--- What the task requires ---
Pictures must not appear in the copy. Restate exactly the lines below from the one with "Arte Minimalista en" through the one with "slide 1 of 1, MobilCharge", inclusive.

--- Data shown ---
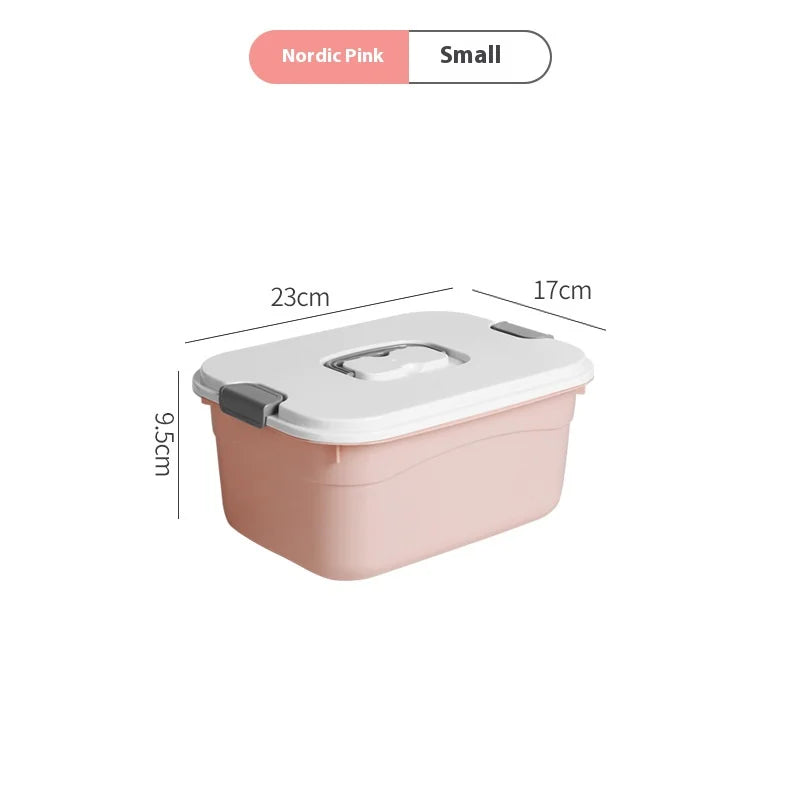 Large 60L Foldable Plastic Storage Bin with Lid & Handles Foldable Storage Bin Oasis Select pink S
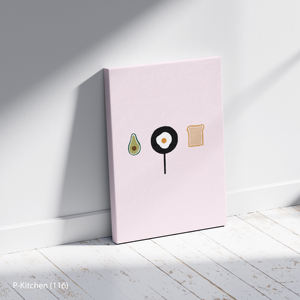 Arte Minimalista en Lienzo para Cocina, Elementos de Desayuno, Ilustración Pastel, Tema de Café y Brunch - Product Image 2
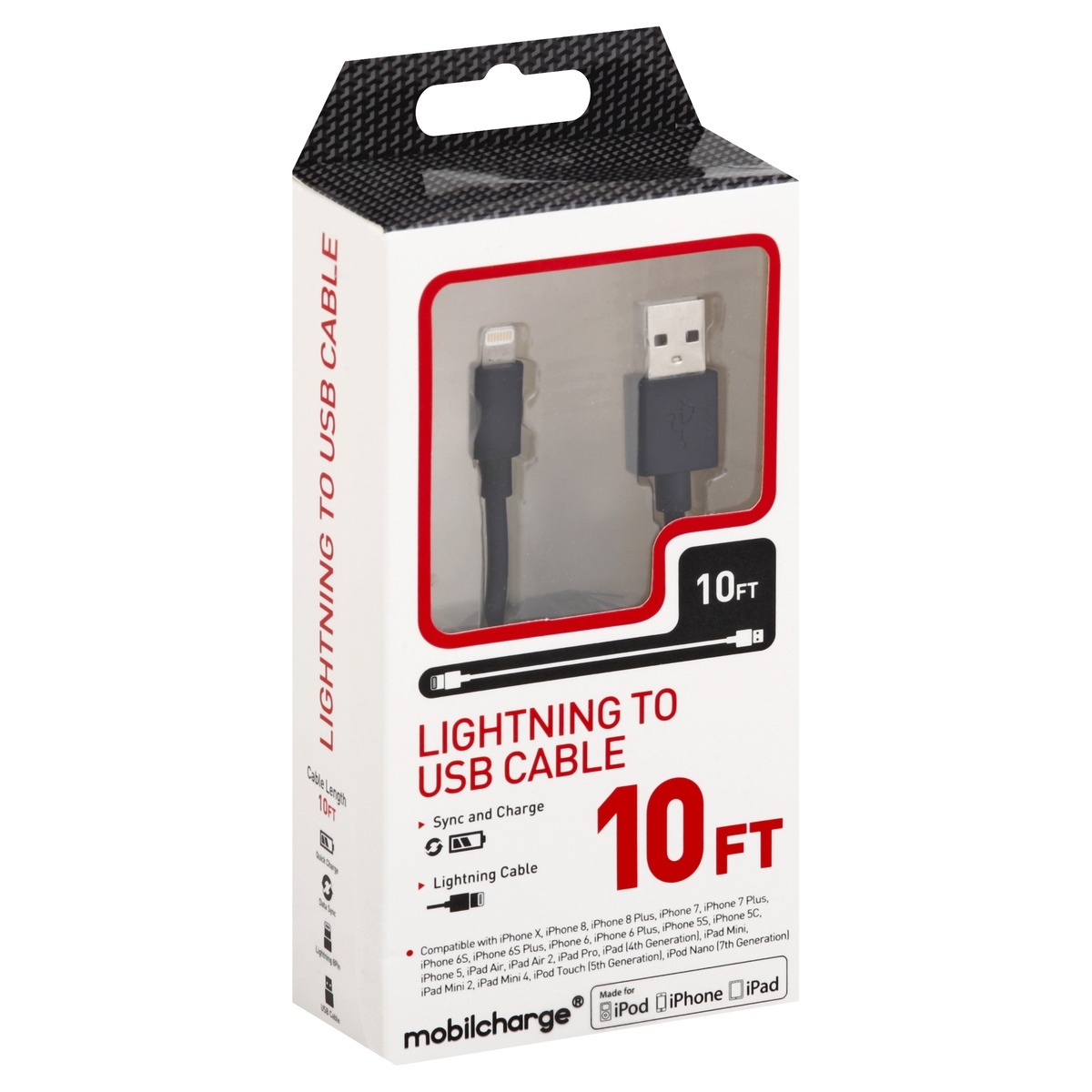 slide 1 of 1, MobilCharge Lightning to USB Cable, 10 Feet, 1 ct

--

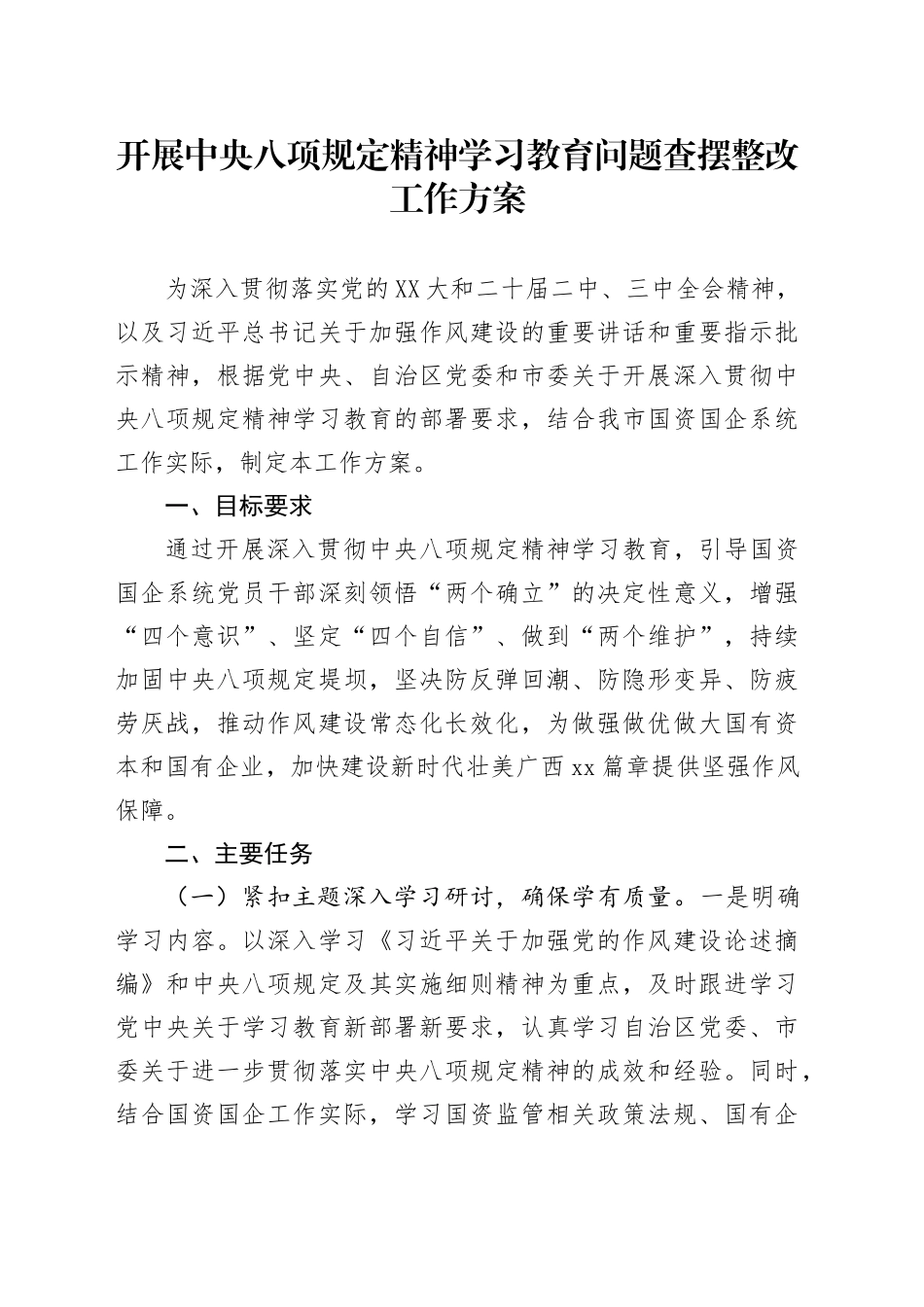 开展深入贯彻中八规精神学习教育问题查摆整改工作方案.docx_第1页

---

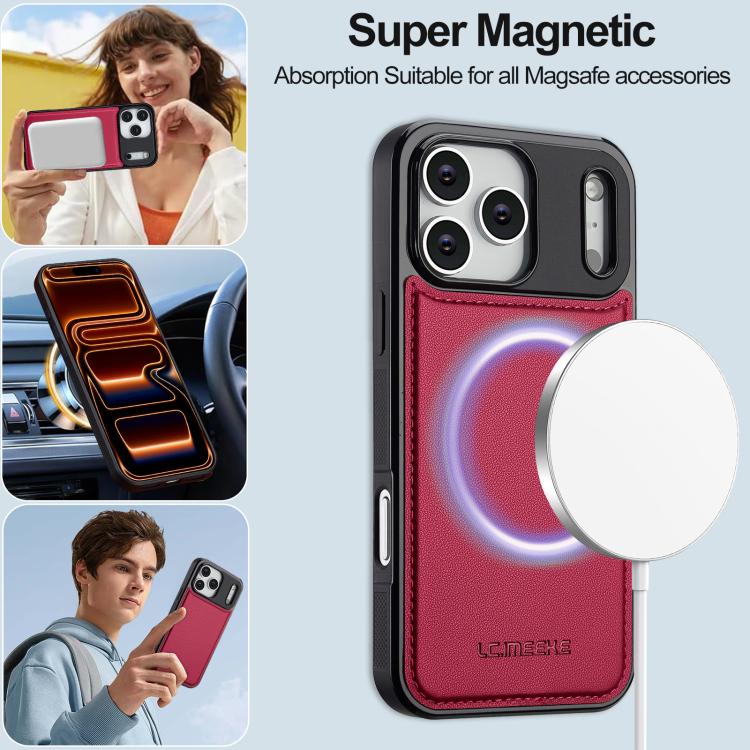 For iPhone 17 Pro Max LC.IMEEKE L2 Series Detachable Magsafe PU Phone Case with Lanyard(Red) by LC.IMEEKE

--- Reply to the task ---
 Arte Minimalista en Lienzo para Cocina, Elementos de Desayuno, Ilustración Pastel, Tema de Café y Brunch - Product Image 2
 slide 1 of 1, MobilCharge Lightning to USB Cable, 10 Feet, 1 ct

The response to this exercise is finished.